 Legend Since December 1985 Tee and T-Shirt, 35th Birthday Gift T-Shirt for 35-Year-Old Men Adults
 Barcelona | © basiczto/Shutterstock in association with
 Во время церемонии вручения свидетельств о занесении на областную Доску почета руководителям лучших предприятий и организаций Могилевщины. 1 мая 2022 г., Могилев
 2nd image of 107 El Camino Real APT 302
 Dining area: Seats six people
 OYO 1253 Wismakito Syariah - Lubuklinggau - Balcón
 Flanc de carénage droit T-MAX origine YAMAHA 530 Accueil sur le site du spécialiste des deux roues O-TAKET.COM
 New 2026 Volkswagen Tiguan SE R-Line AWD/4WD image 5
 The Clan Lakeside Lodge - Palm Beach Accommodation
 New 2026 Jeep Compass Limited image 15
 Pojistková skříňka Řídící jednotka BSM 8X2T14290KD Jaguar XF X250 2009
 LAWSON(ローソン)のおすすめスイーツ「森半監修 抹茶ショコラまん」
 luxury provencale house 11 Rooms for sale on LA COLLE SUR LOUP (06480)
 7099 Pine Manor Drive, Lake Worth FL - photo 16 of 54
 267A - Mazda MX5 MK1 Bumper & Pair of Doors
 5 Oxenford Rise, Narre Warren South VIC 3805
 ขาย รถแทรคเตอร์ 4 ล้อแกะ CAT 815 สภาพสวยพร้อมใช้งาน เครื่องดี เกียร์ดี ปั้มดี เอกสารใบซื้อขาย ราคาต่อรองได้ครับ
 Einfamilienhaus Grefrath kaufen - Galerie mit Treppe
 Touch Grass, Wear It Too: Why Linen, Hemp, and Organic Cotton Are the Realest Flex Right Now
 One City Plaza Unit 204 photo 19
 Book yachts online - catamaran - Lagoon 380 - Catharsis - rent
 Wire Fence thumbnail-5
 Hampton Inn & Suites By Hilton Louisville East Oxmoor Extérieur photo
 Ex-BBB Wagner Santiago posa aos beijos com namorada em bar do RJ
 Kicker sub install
=-=-=-=-=
## What is expected
Starting with the line with "Pojistková skříňka Řídící" above and going on through the line with "One City Plaza Unit 204 photo 19", transcribe every line exactly, both ends included, and add nothing.

## Your response
 Pojistková skříňka Řídící jednotka BSM 8X2T14290KD Jaguar XF X250 2009
 LAWSON(ローソン)のおすすめスイーツ「森半監修 抹茶ショコラまん」
 luxury provencale house 11 Rooms for sale on LA COLLE SUR LOUP (06480)
 7099 Pine Manor Drive, Lake Worth FL - photo 16 of 54
 267A - Mazda MX5 MK1 Bumper & Pair of Doors
 5 Oxenford Rise, Narre Warren South VIC 3805
 ขาย รถแทรคเตอร์ 4 ล้อแกะ CAT 815 สภาพสวยพร้อมใช้งาน เครื่องดี เกียร์ดี ปั้มดี เอกสารใบซื้อขาย ราคาต่อรองได้ครับ
 Einfamilienhaus Grefrath kaufen - Galerie mit Treppe
 Touch Grass, Wear It Too: Why Linen, Hemp, and Organic Cotton Are the Realest Flex Right Now
 One City Plaza Unit 204 photo 19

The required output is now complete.